ところが、また最近になって当事務所で相談を受けた症例で、以前扱ったものと非常によく似た内容の院内調査報告書を読みましたので、新たな疑問を感じたこともあり、あらためて、院内調査報告の問題性について述べたいと思います。

今回の症例は、コロナ感染で入院した高齢の女性に対し、中心静脈カテーテル(CV)挿入を試みた際に、誤って主要動脈を損傷し、対処が遅れて亡くなられたというものでした。
ところが、病院側は、当初、死因について、「コロナ感染による感染症の増悪」によるものと説明し、死亡診断書にもそのように記載されたのです(典型的な医療事故なのに、都合よくコロナ関連死とされることにも驚きますし、逆に、コロナ関連死とされる中には、医療過誤が結構紛れ込んでいるのではないかとの疑念さえ湧きますが)。
しかし、遺族の希望による画像診断を経て、解剖が実施され、「出血性ショック」による死亡であることが明らかとなり、院内調査が実施されることになったのです。
ご遺族は、その結果を記した院内報告書を手にして当事務所に来られたのですが、内容を一読して、奇妙な既視感(デジャブ)を覚えたのです。
目にしたその報告書は、形式的にも、また論旨にしても、以前当事務所で扱った別件の院内調査報告書と酷似していました。

何よりも驚いたのは、病院側が検討事項を自ら設定して、それに応じた記述がなされているのですが、この検討事項なるものが、「説明の妥当性」とか「CV挿入の妥当性」といった記載ばかりで、肝心かなめの「事故がなぜ起きたのか」という観点からの検証に向けた設問になっていないことでした。
そのため、出血性ショックで亡くなったこと自体の記載はあるものの、なぜ主要血管を損傷したのかの具体的な検証の記述もなく、また、血管損傷が即死亡につながるわけではありませんから、血管損傷後の経過を追って患者を救命できなかった要因についての検証の記述もなかったのです。
これでは一体何のための調査なのか、意味不明というほかありません。
そして、私たちが二重に驚いたのは、設定された検討事項の内容が、前に目にした報告書と瓜二つだったことです。
前に目にした報告書でも、説明の妥当性を複数回問うような内容でしたし、やはり「事故がなぜ起きたのか」「なぜ死亡という結果が生じたのか」という観点からの設問はなく、設問がそのような設定になっているため、それに対する具体的な記述も、やはり事故の真相からはほど遠い内容でしたが、ここまで似通っているというのは偶然の一致とは考えにくいのではないかと感じたのです。

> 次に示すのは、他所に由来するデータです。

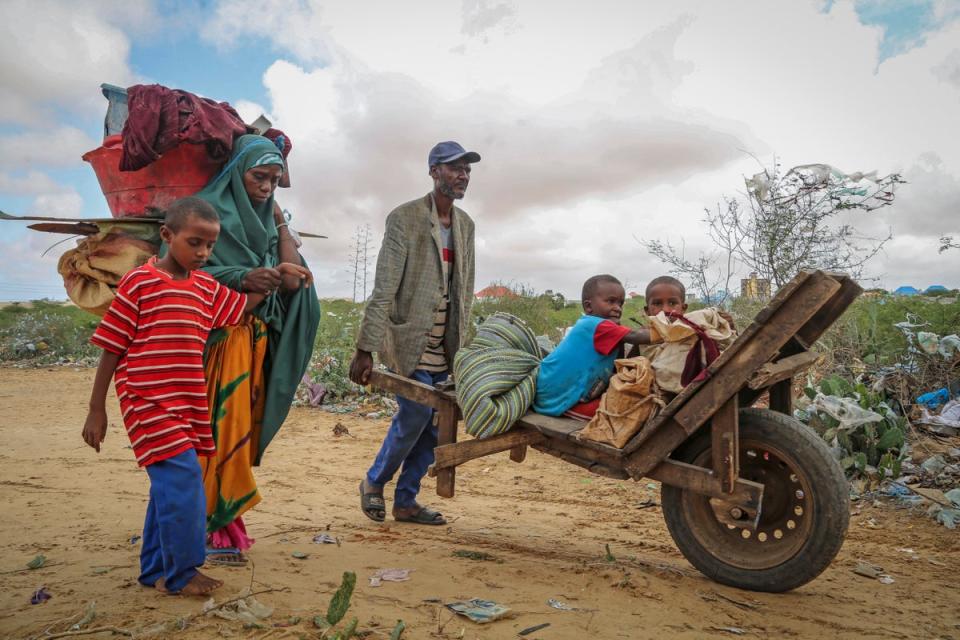 SOMALIA-LA SOMBRA DE UCRANIA (AP)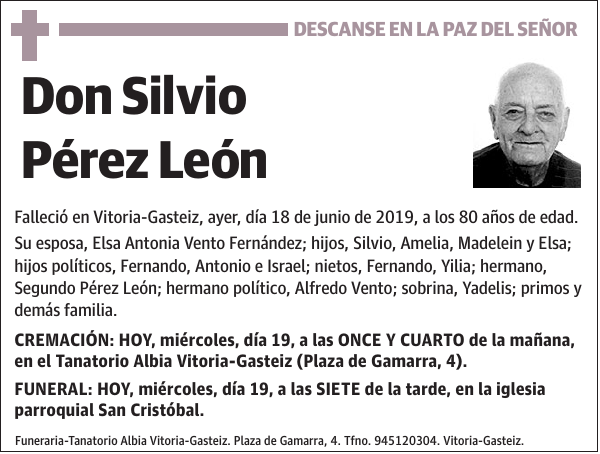 Silvio Pérez León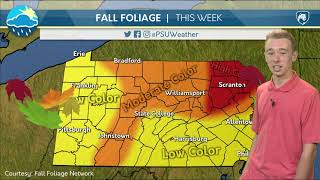 Hunter Donahoes Wednesday Morning Forecast 101718 [upl. by Ecirehs]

医療事故調査制度が立ち上がる時に、大きな議論となったのは、医療事故調査が医療側の責任追及につながるものとなっていいかどうかという点でしたが、まさに、この院内調査報告書の曖昧さは、医療側の責任追及につながるような記載を極力避けようとしているように思えます。
しかし、医療事故の中には、間違いなく、不適切な医療行為によって起きた、それさえなければ死亡という結果を避けられたはずの症例が存在するわけで、事故を教訓にし、再発防止につなげるという制度の目的からすれば、そのような場合に医療行為の問題点を指摘しない報告書は有害無益といっても過言ではありません。
調査報告書がその点を明確に指摘する内容であることは同種事故を防ぐためには必要不可欠であり、その結果が、時に責任追及につながることがあるとしても、やむを得ないことだし、逆にそれが明確に記載されることこそが、医療に対する信頼を高めることになるのではないでしょうか。

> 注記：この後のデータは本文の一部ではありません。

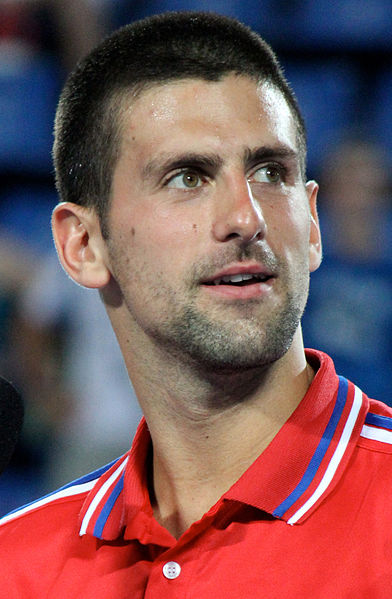 Novak Đoković  Bild: Novak_Djokovic_Hopman_Cup_2011.jpg: Spekoek / de.wikipedia.org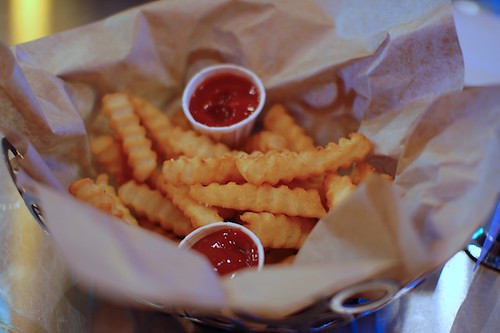 O! Burger Crinkle Cut Fries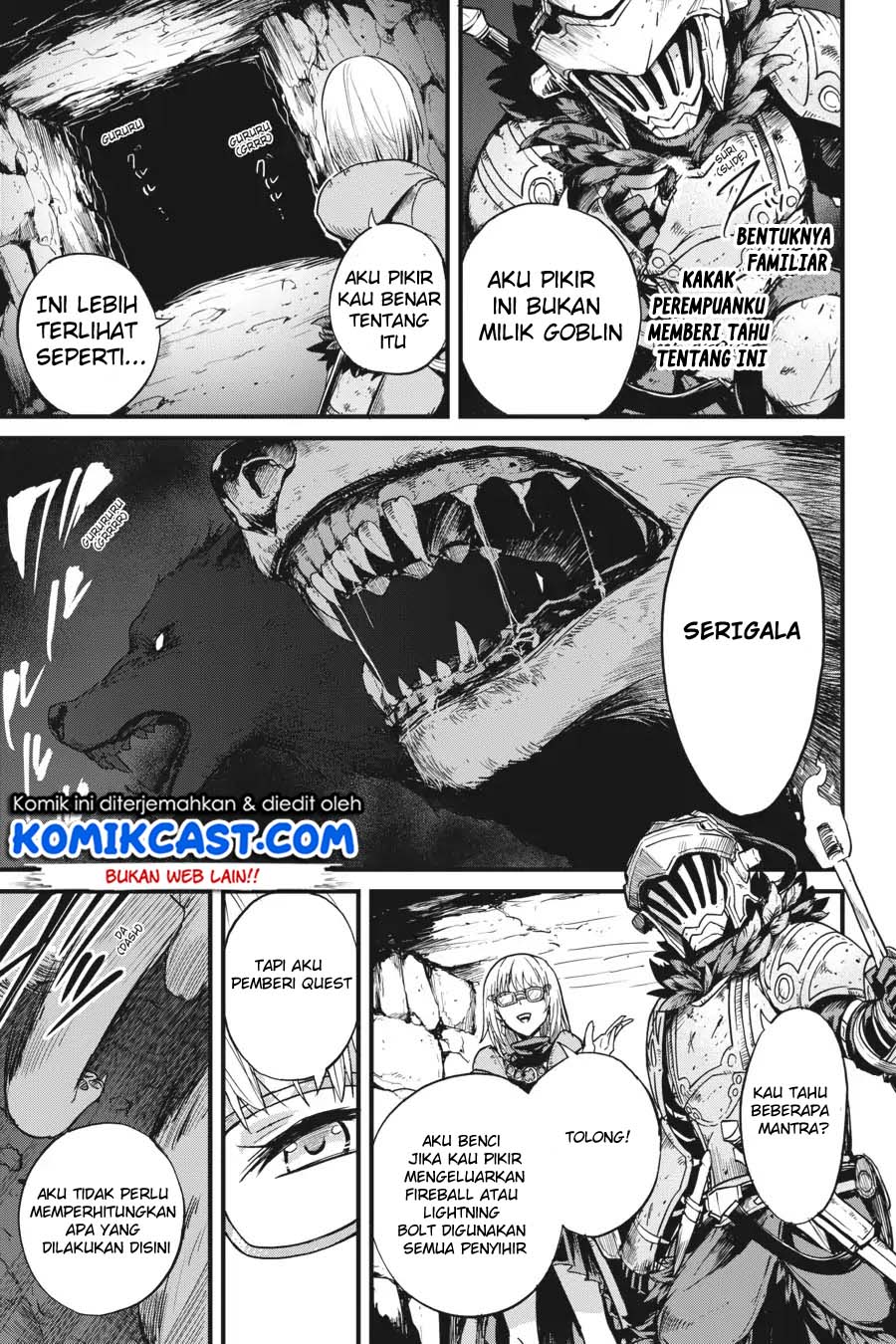 Goblin Slayer Side Story: Year One Chapter 25 - halaman 29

私たちが目にした2つの報告書は、単なる偶然の一致とは考えにくいほど類似していましたが、医療事故調がそのような指導をしているのか、あるいは医療機関同士が情報交換をしてそのような結果となったのかはわかりません。
実際、この二つの医療機関はまったく無関係で、距離的にも1000キロは離れた医療機関ですから、どこかに院内調査対策マニュアルのようなものが存在するのかもしれないと思ったりもします。
ただ、いずれにしても、医療事故調査制度は、ある程度の運用期間を経たところですので、当初から指摘された問題点の検証も含め、そろそろ見直されるべき時期に来ているのではないでしょうか。
この制度の下で、すでに医療領域ごとに症例分析などがなされており、それはそれで非常に有意義だと感じるところもありますが(実際、CV挿入の事故に関する分析がなされたものも読みましたが、非常に勉強になる内容でした)、不備については改善して、より実効性のある制度にブラッシュアップして行くべきだと思います。